The news just keeps getting worse for the Bruins and the National Hockey League in general.
With Brad Marchand and Craig Smith already placed in COVID protocol on Tuesday, Bruins captain Patrice Bergeron also entered the protocol on Wednesday with the team heading off for a three-game road trip to Long Island, Montreal and Ottawa.
As of now, it’s full steam ahead on the trip, though the Bruins have discussed one change in plans. Coach Bruce Cassidy said they could be staying overnight in New York on Thursday and traveling to Montreal on Friday to lessen the time spent in Canada. If a member of the club’s traveling party tests positive in Canada, they would be stuck there for a 14-day quarantine.
The spread is growing across the league, In Calgary, where the Bruins played last Saturday night, the Flames added 17 cases to their growing protocol list. The Nashville Predators had 12 players and staffers go into protocol. There’s little doubt that more will be popping up in the coming days.
The good news for the B’s is that Marchand and Smith appear to be asymptomatic, according to Taylor Hall, who said both players were feeling fine after the Bruins’ loss to Vegas on Tuesday.

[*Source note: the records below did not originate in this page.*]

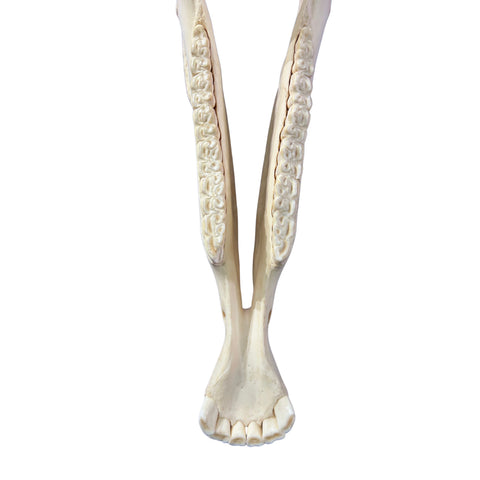 Donkey Skull - Real Donkey Skull- Approximate Size: 19LX8WX12D" Wall Art Animal Skull Real Donkey Skull Wall Decor Blesbok Animal Head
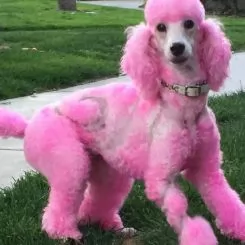 Фото Краска для шерсти Opawz Dog Hair Dye Chram Pink 120 мл - 3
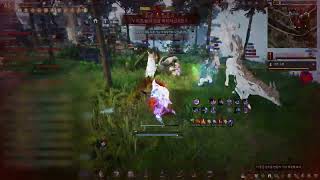 BDO KOR Succession Corsair Kamasylvia Node War (MZ vs 기사도 + 곰굴)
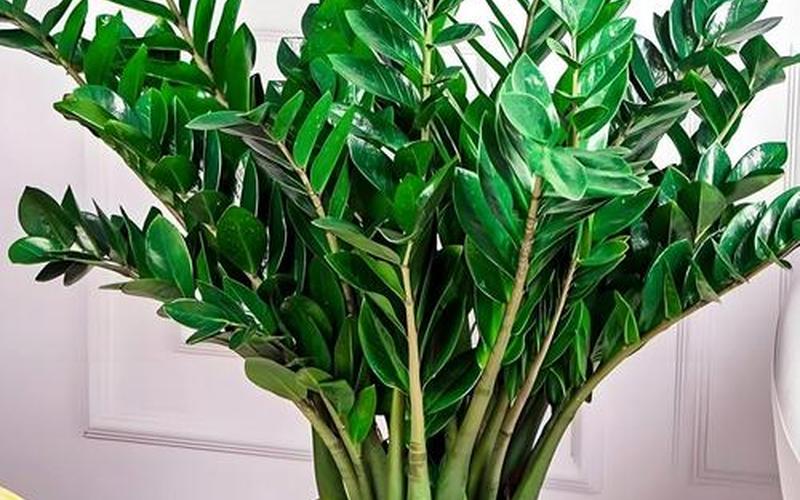 属相种植什么植物最好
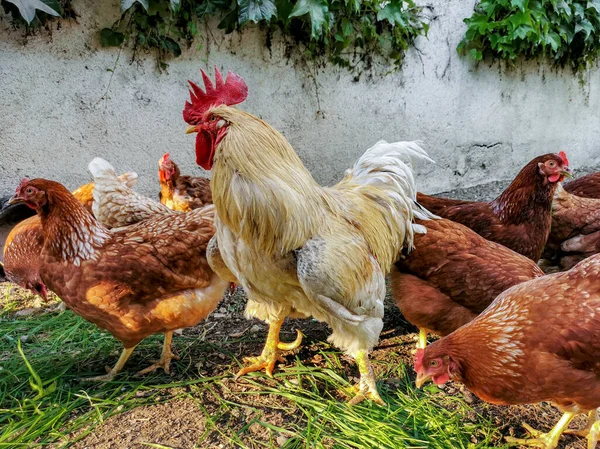 Domestic Chickens Rooster Muddy Yard — Stok fotoğraf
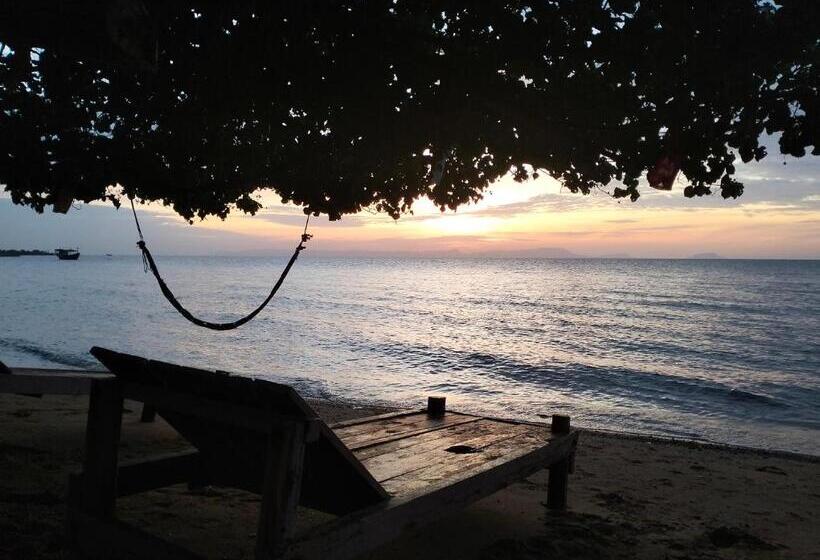 Bed and Breakfast Fat Rabbit Beach Resort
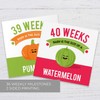 Maternity Weekly Milestone Photo Props / 9" x 9" Modern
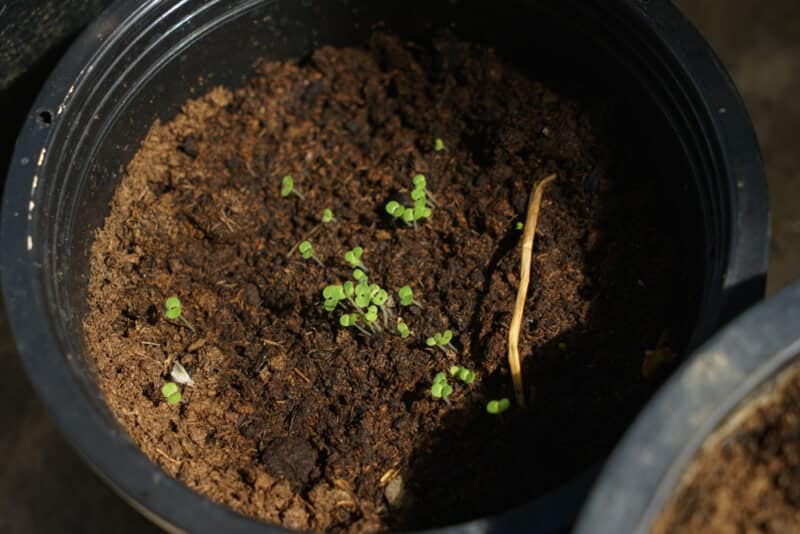 The sapling of the catnip tree planted in a pot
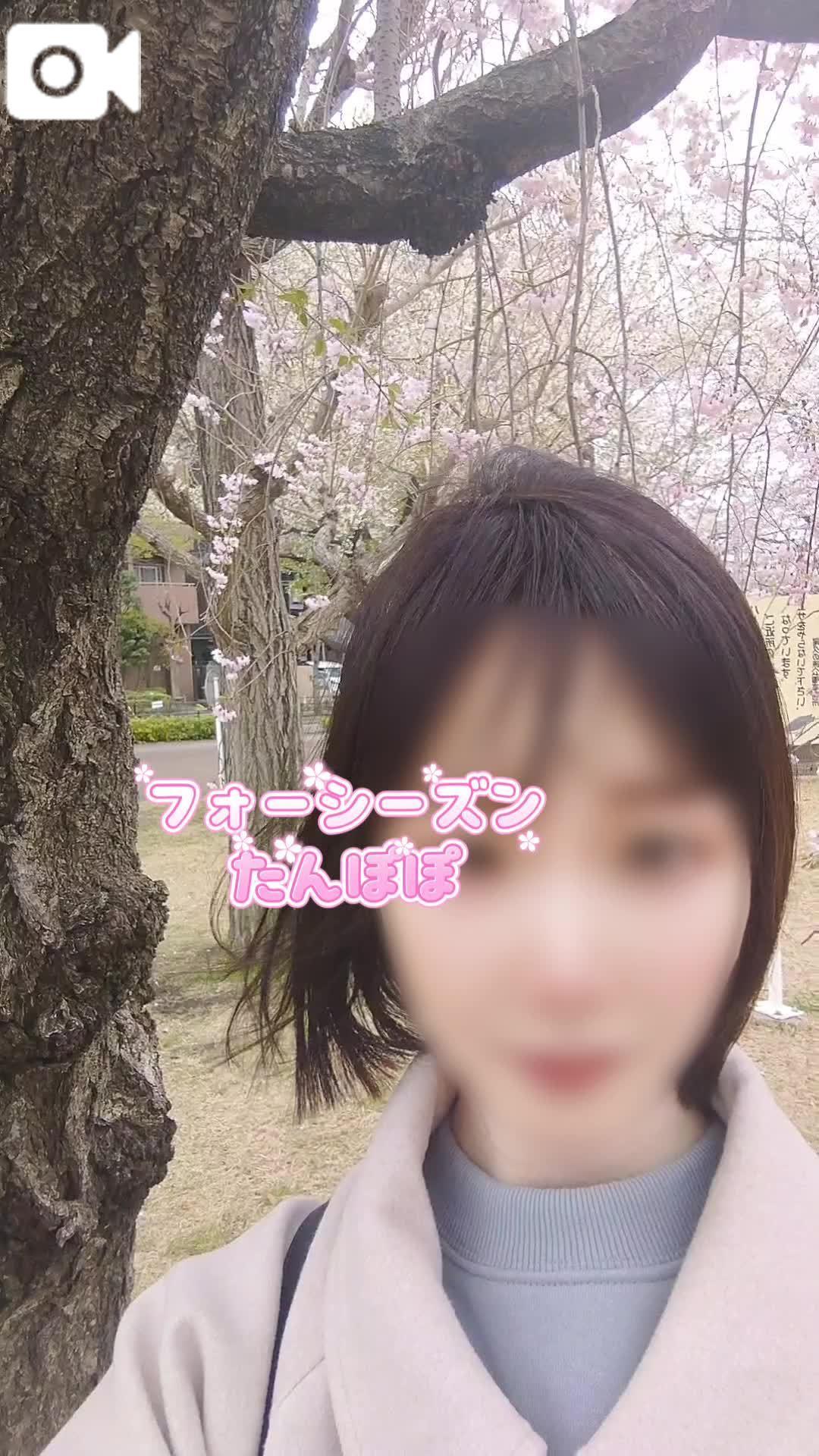 桜を見てきました𓂃<img class="emojione" alt="🌸" title=":cherry_blossom:" src="https://fuzoku.jp/assets/img/emojione/1f338.png"/>𓈒𓏸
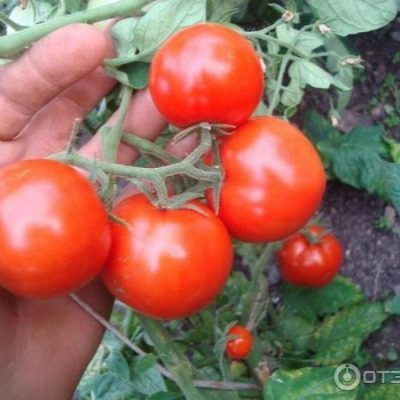 Петергоф: идеальный томат для открытого грунта с ранним урожаем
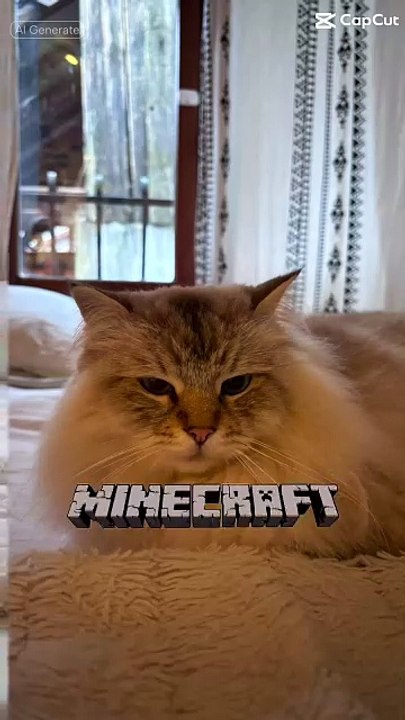 Quand ton Maine Coon se transforme en chat Minecraft… 😼 - Vidéo Dailymotion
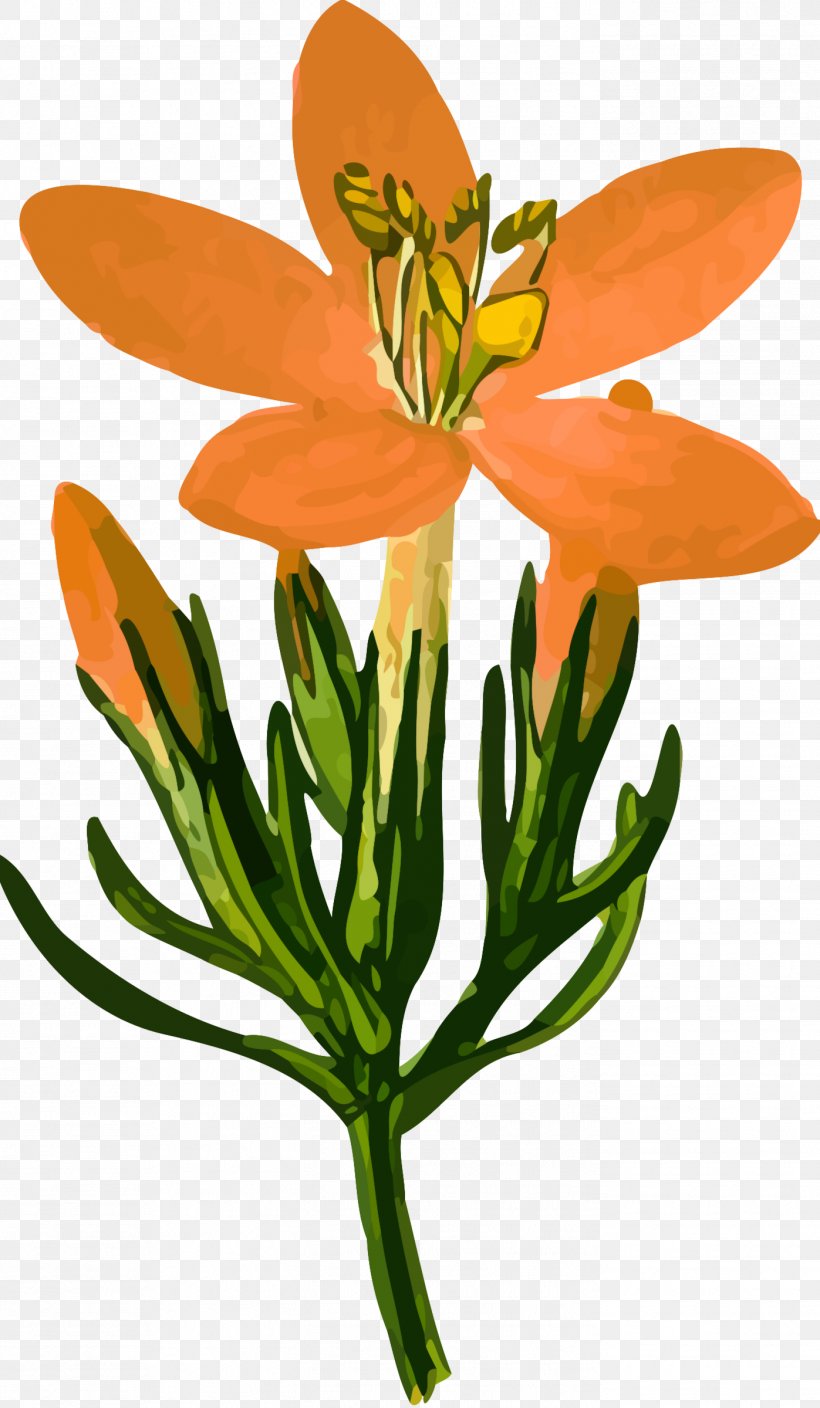 Gentian Clip Art, PNG, 1397x2400px, Gentian, Cut Flowers, Flora, Floral Design, Flower Download Free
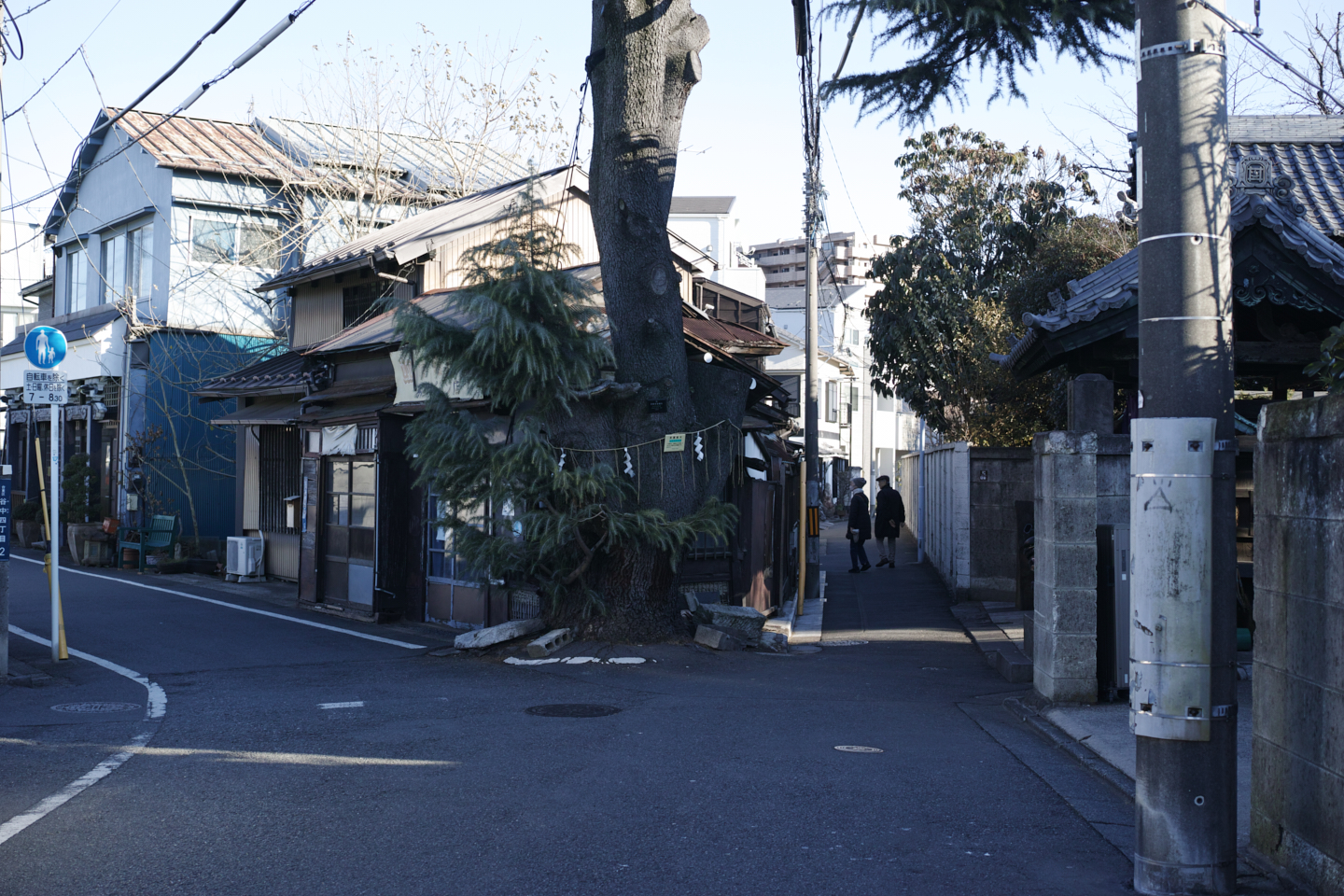 Shinjuku, Ueno, Nezu_Img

There was no word on Bergeron’s condition yet.
But you could see how losing your top players for a critical stretch before the holiday break, not to mention the looming talk of a shutdown, would eat away at the laser focus athletes need to have.
Coach Bruce Cassidy said it’s just something they have to fight through.
“This is their job. They’ve got to be prepared to go to work,” said Cassidy, who just came out of the protocol himself on Monday. “I’ll say this. No one wants to get stuck somewhere for two weeks, especially over Christmas, guys with families. To me, that would be the biggest worry. As for the shutdown and different cases, guys have been dealing with it for two full years now. It’s there, it’s real, I just lived. I know some other players have. Will that solve the problem if you shut down for two weeks? Will you go through the same thing again in another month? Those are things that go through your head, but at the end of the day you’ve got to focus on the task at hand. Do your best to stay within the protocols and stay healthy.
“That’s the other thing. The more you’re staying out of crowds and away from opportunities where you will get infected, you’ve got to be smart in those areas as best you can. Some people still catch when you do that, so that’s a bit of a tough one at times. But at the end of the day, this is our job, we have to be prepared to do it. That’s the way we’re going to approach today, tomorrow and the next day until we’re told differently.”
Unless there is a postponement of the weekend’s games in Montreal and Ottawa, the risk of testing positive and having to stay there for two weeks is just something players and staff will have to live with.
“I guess it’s not an ideal situation, but at some point you’ve got to do what you can to (mitigate) the spread as much as you can and hope for the best, really,” said Charlie Coyle. “It’s not ideal, but that’s what we’re working with here. I hope it doesn’t happen but we’ll see what happens.”
Coyle said there is experience to draw from in dealing with the current uncertainty.
“We went through this with the whole bubble and all that. It was a crazy experience and a lot of unexpected things that could pop up,” said Coyle. “That’s kind of just expecting the unexpected. That way, nothing’s too surprising and you just adapt to it. That’s what we have to do.”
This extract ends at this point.